This is the third article for Binary Search Trees, to read more about the previous article, please check the topic Binary Search Tree Basics – a detailed discussion. To get updates on the coming articles in the series, please use the Subscribe feature on the right panel.
Purpose of article
This article explains few more aspects of binary search tree (BST). In the last article we learnt to construct a BST and then we revisited our technique to construct a better BST with the same. So this means that there can be more than one BST possible with a given set of elements. This article addresses the question How many Binary Search Trees are possible for a given set of N elements? Please note that the question says Set and not List, that means we are only addressing the concern when the elements given are unique. HEnce, we will count binary search trees created from N unique elements.
Approaching the problem
I mostly like to solve such problems starting from the known facts, there is no point creating all possible BSTs with the N given elements and then answer. Let us understand it in a bottom up approach. What does the bottom up approach suggests?

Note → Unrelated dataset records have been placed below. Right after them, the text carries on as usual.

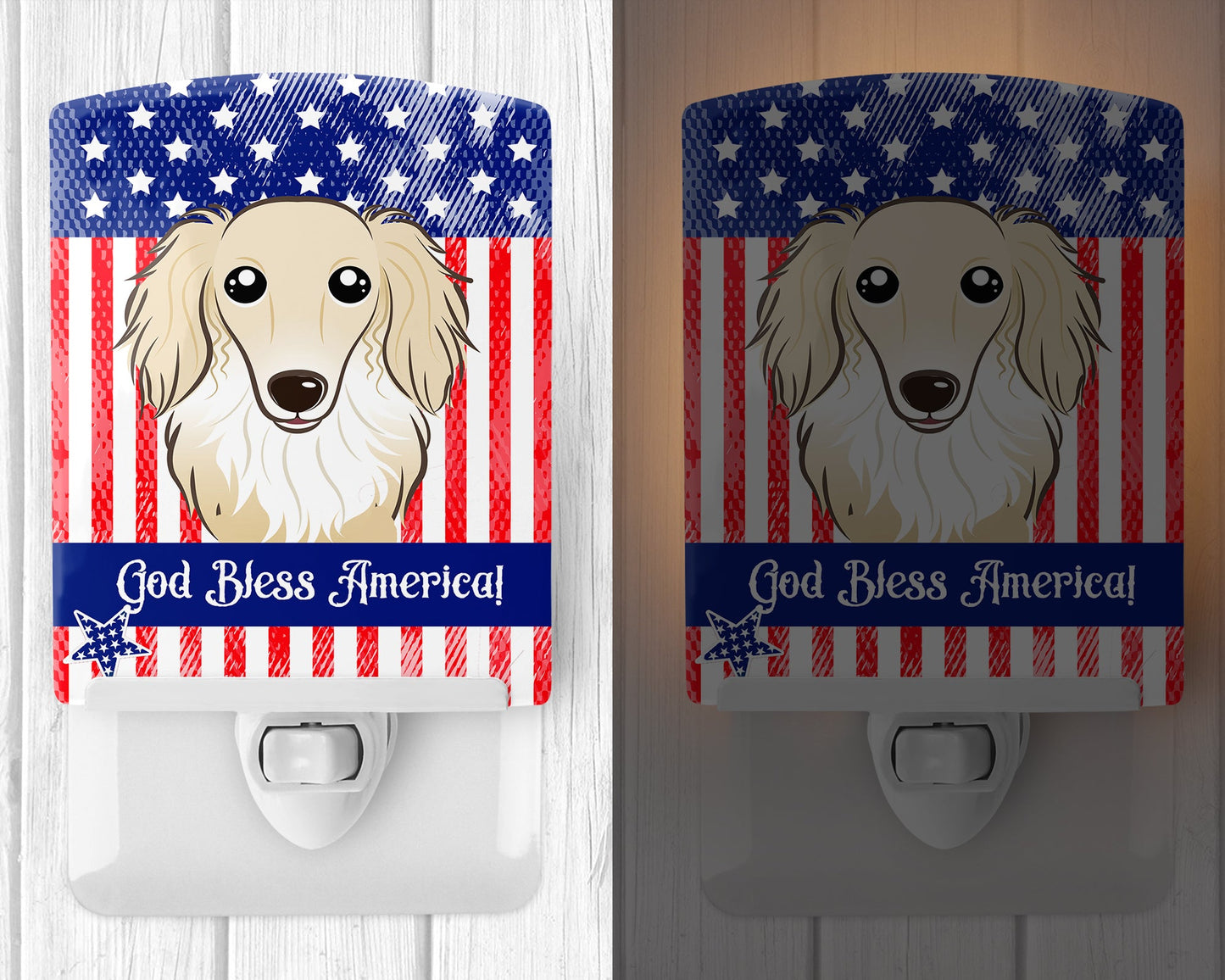American Flag and Longhair Creme Dachshund Ceramic Night Light BB2142CNL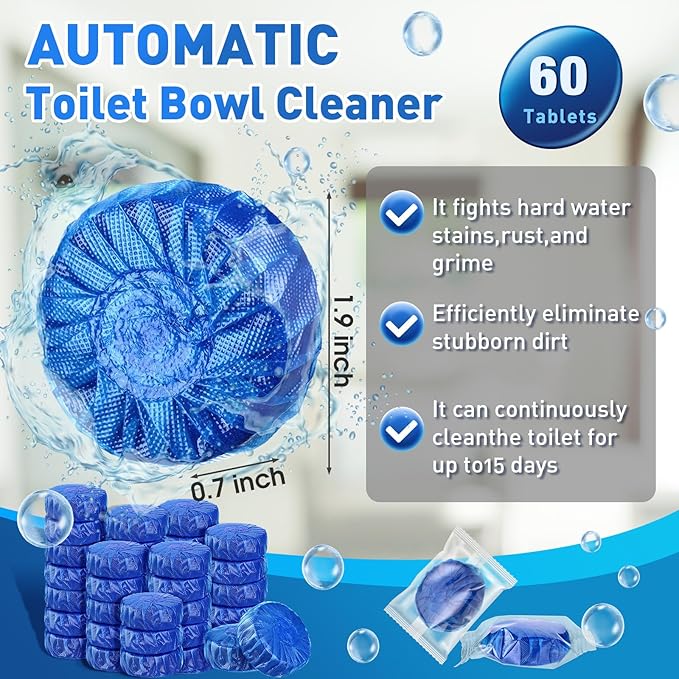 Qualirey 60 Pack Automatic Toilet Cleaner Tablets Toilet Bowl Long Lasting Bathroom Tank Tablets (Blue)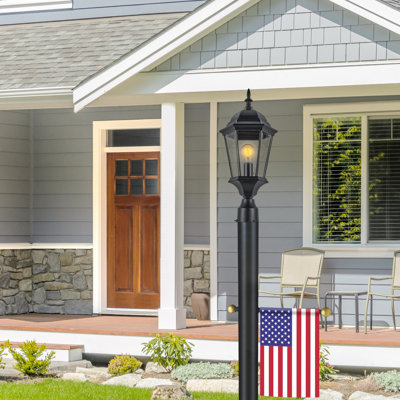Cathe Outdoor Light and Lamp Post Bundle – Plastic Cross Arm and Clear Glass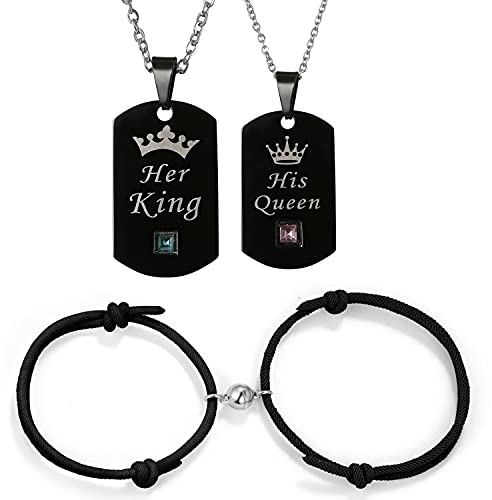 Cupimatch 4PCS King Queen Dog Tag Halskette Magnetische Paare Armband Gegenseitige Anziehung Magnet Armbänder Geschenk für Herren Damen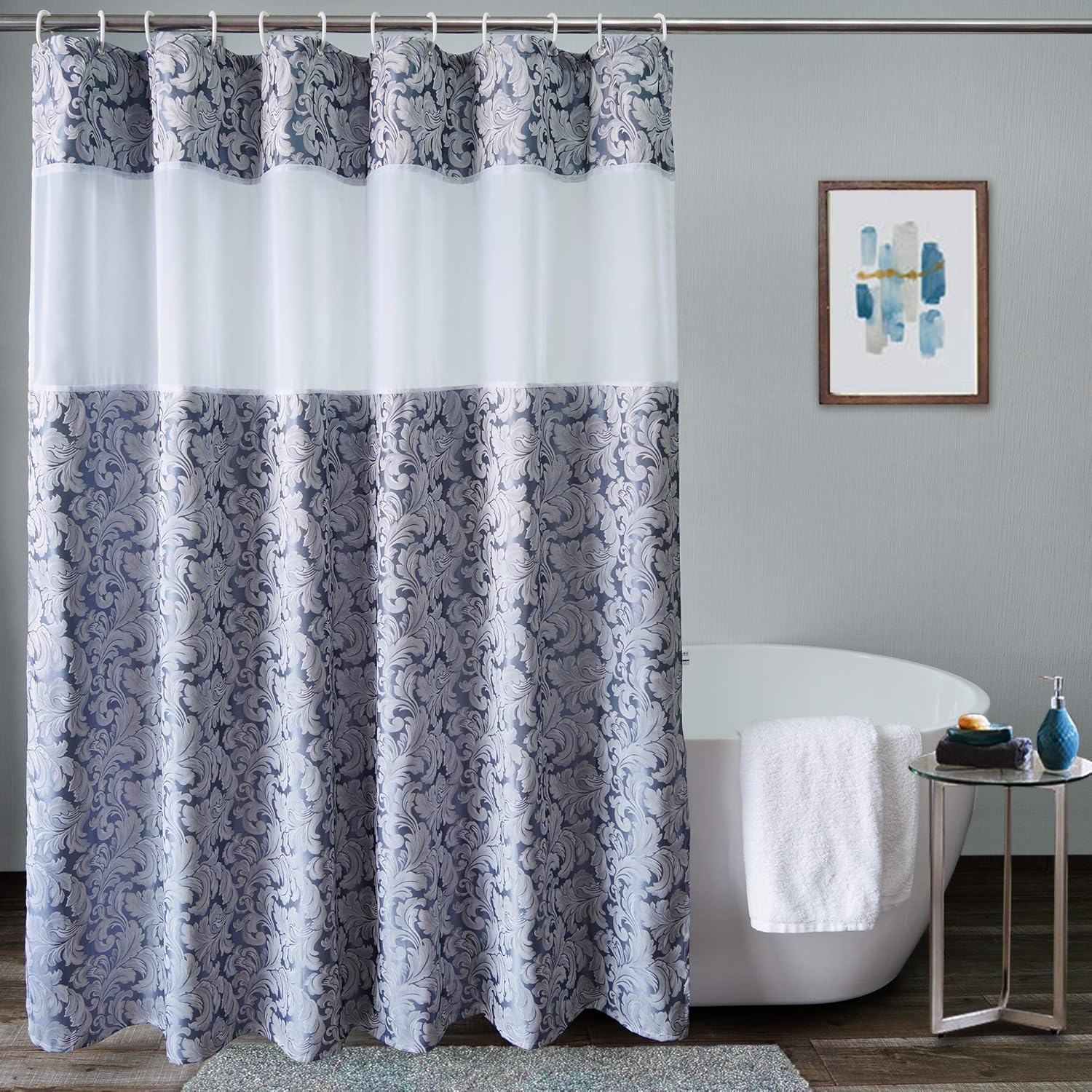 UFRIDAY Damask Decor Fabric Shower Curtain, Easy Care Floral Bathroom Curtain with Light Filtering Mesh Window, Waterproof and Machine Washable, Weighted Bottom Hem, 72x75 Inches, Gray Blue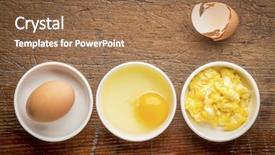  Presentation with wood rustic - Presentation theme featuring scrambled egg abstract - white bowls background and a tawny brown colored foreground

Question 1: Do we know the answer for N = 0?
Question 2: Do we know the answer for N = 1?
Question 3: Do we know the answer for N = 2?
Question 4: Is there any relation of pattern?
Question 5: Is there a solution for N = i which can contribute to the solution of N = k where i < k ?
If these questions are answered in a positive manner then we can say that this is a programming problem which can be solved either by recursion or Dynamic Programming. Because this problem is satisfying the two hall marks of dynamic programming and you can find them in the article where I discussed dynamic programming in much detail.
So let us take a set of numbers, fairly randomly distributed so that we get a beautiful BST. We will answer all the questions listed above:
Answer 1: When N = 0 then there is no tree or I can say an empty tree, hence total number of possible BSTs is 1
Answer 2: When N = 1 then there is only one tree, and that is the root as below, so the number of trees = 1
Answer 3: When N = 2 then there are two trees possible:
a) With 6 as root and
b) With 10 as root
So the number of trees = 2
Answer 4: When N = 3 then we will have following options:
a) With 6 as root
b) With 10 as root and
c) With 13 as root.
Then we see that when 6 is the root then 10 and 13 lie on the right side of the root. That means there are as many possibilities as we had with N = 2 same as the Answer 3.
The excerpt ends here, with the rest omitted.